Consider the following equation of amplitude modulated wave.
$$s\left ( t \right ) = A_c\left [ 1 + \mu \cos \left ( 2 \pi f_m t \right ) \right ] \cos\left ( 2 \pi f_ct \right )$$
$$\Rightarrow s\left ( t \right ) = A_c\cos \left ( 2\pi f_ct \right )+ A_c\mu \cos(2\pi f_ct)\cos \left ( 2\pi f_mt \right )$$
$\Rightarrow s\left ( t \right )= A_c\cos \left ( 2\pi f_ct \right )+\frac{A_c\mu }{2}\cos \left [ 2\pi \left ( f_c+f_m \right ) t\right ]+\frac{A_c\mu }{2}\cos \left [ 2\pi \left ( f_c-f_m \right ) t\right ]$
Hence, the amplitude modulated wave has three frequencies. Those are carrier frequency $f_c$, upper sideband frequency $f_c + f_m$ and lower sideband frequency $f_c-f_m$
Here,
$f_{max}=f_c+f_m$ and $f_{min}=f_c-f_m$
Substitute, $f_{max}$ and $f_{min}$ values in bandwidth formula.

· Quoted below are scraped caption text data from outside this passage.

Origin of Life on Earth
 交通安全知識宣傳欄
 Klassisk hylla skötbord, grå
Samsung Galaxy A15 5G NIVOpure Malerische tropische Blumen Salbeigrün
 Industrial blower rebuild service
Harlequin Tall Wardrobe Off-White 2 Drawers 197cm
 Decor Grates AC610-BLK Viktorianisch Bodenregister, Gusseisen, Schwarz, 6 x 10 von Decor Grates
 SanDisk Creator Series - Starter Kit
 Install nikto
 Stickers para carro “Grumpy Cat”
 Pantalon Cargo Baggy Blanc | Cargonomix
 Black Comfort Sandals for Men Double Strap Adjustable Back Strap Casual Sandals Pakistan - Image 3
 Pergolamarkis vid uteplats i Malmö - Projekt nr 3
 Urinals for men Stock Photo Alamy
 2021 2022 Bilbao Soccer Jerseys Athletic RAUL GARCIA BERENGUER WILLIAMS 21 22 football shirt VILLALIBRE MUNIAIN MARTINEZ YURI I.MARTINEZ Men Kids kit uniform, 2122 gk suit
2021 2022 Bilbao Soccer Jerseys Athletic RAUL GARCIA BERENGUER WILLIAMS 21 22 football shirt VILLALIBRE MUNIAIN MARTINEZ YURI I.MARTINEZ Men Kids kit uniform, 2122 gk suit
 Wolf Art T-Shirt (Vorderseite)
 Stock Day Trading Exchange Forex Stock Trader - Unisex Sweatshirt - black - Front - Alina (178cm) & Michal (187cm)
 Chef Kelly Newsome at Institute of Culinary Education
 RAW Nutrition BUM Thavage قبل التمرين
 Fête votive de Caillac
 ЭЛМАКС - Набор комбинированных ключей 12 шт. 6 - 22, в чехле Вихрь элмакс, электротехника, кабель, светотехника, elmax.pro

$$BW=f_c+f_m-\left ( f_c-f_m \right )$$
$$\Rightarrow BW=2f_m$$
Thus, it can be said that the bandwidth required for amplitude modulated wave is twice the frequency of the modulating signal.
Consider the following equation of amplitude modulated wave.
$\ s\left ( t \right )= A_c\cos \left ( 2\pi f_ct \right )+\frac{A_c\mu }{2}\cos \left [ 2\pi \left ( f_c+f_m \right ) t\right ]+\frac{A_c\mu }{2}\cos \left [ 2\pi \left ( f_c-f_m \right ) t\right ]$
Power of AM wave is equal to the sum of powers of carrier, upper sideband, and lower sideband frequency components.
$$P_t=P_c+P_{USB}+P_{LSB}$$
We know that the standard formula for power of cos signal is
$$P=\frac{{v_{rms}}^{2}}{R}=\frac{\left ( v_m/ \sqrt{2}\right )^2}{2}$$
Where,
$v_{rms}$ is the rms value of cos signal.
$v_m$ is the peak value of cos signal.
First, let us find the powers of the carrier, the upper and lower sideband one by one.
Carrier power
$$P_c=\frac{\left ( A_c/\sqrt{2} \right )^2}{R}=\frac{{A_{c}}^{2}}{2R}$$
Upper sideband power
$$P_{USB}=\frac{\left ( A_c\mu /2\sqrt{2} \right )^2}{R}=\frac{{A_{c}}^{2}{_{\mu }}^{2}}{8R}$$
Similarly, we will get the lower sideband power same as that of the upper side band power.
$$P_{LSB}=\frac{{A_{c}}^{2}{_{\mu }}^{2}}{8R}$$
Now, let us add these three powers in order to get the power of AM wave.
$$P_t=\frac{{A_{c}}^{2}}{2R}+\frac{{A_{c}}^{2}{_{\mu }}^{2}}{8R}+\frac{{A_{c}}^{2}{_{\mu }}^{2}}{8R}$$
$$\Rightarrow P_t=\left ( \frac{{A_{c}}^{2}}{2R} \right )\left ( 1+\frac{\mu ^2}{4}+\frac{\mu ^2}{4} \right )$$
$$\Rightarrow P_t=P_c\left ( 1+\frac{\mu ^2}{2} \right )$$
We can use the above formula to calculate the power of AM wave, when the carrier power and the modulation index are known.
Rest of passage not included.